Le CAC 40 et le secteur financier dégringolent

La valeur du 24 juin 2016 : Société Générale

L’établissement bancaire, comme les autres valeurs financières, s’inscrit en très forte baisse à la Bourse de Paris, suite au résultat du référendum outre-Manche entraînant la sortie du Royaume-Uni de l’Union européenne au cours des prochaines années. Les actifs libellés en livres sterling, la devise britannique, risquent notamment de voir leur valeur chuter.

Les incertitudes quant aux conséquences financières de ce « Brexit » font plonger le titre de 20,41%, à 28,86 euros, et la Société Générale termine lanterne rouge du CAC 40. BNP Paribas et Natixis lâchent également plus de 17%. Crédit Agricole et Axa dégringolent respectivement de 14 et 15,48%.

Eurotunnel maintient ses objectifs malgré le « Brexit »

L’exploitant du tunnel sous la Manche se veut rassurant après la victoire du « oui » pour une sortie du Royaume-Uni de l’Union européenne. « L’issue du référendum ne devrait pas affecter les activités de la concession du tunnel », indique la direction dans un communiqué. « Le Royaume-Uni n’ayant jamais été dans l’espace Schengen, les biens et personnes transitant par le tunnel sous la Manche resteraient soumis aux mêmes procédures qu’actuellement », rappelle-t-elle.

L’entreprise maintient par conséquent ses objectifs financiers. « Une baisse de la livre sterling ferait baisser le montant de la dette du groupe dans cette monnaie », souligne même la société. A la clôture, la valeur chute de 14,53%, à 10 euros, après avoir dégringolé de 34% en début de journée.

Vivendi : Bolloré cèderait la présidence du conseil de surveillance de Canal+

Le président de Vivendi, Vincent Bolloré, quitterait dès cet été la présidence du conseil de surveillance du groupe Canal+, filiale de l’entreprise de communication et de divertissement, indique Le Figaro. Selon le quotidien, il souhaiterait en retour faire entrer son fils Yannick au conseil, au plus tard en 2017.

Le président du directoire de Vivendi, Arnaud de Puyfontaine, pourrait de son côté retrouver la présidence du conseil de surveillance de la société audiovisuelle. Le titre de la multinationale cède 6,64%, à 15,60 euros.

Thalès : DCNS vise un milliard d’euros de revenus dans l’énergie hydrolienne

DCNS, dont l’électronicien détient 35% du capital, compte réaliser un milliard d’euros de chiffre d’affaires dans l’énergie hydrolienne d’ici une dizaine d’année, selon Reuters. Cette activité devrait représenter jusqu’à 25% des ventes du leader européen de l’industrie navale militaire à l’horizon 2025. La société, dont l’Etat détient également 64%, espère vendre son premier système hydrolien commercial d’ici quatre ans. Le cours de l’action Thalès lâche 4,76%, à 72,29 euros.

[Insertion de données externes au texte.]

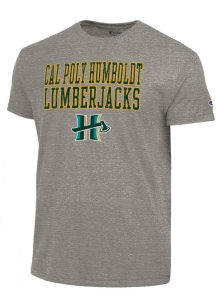 Champion Cal Poly Humboldt Lumberjacks Grey Tri-Blend Short Sleeve Fashion T Shirt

Valeo fixe à 64,61 euros le prix de conversion de ses obligations

L’équipementier automobile a fixé à 64,61 euros le prix de conversion initial de ses obligations convertibles remboursables uniquement en numéraire à échéance 2021, soit une prime de 45% par rapport au cours de référence de l’action (44,56 euros). Ce placement obligataire représente un montant total de 450 millions de dollars. La valeur recule de 10,11%, à 42,63 euros.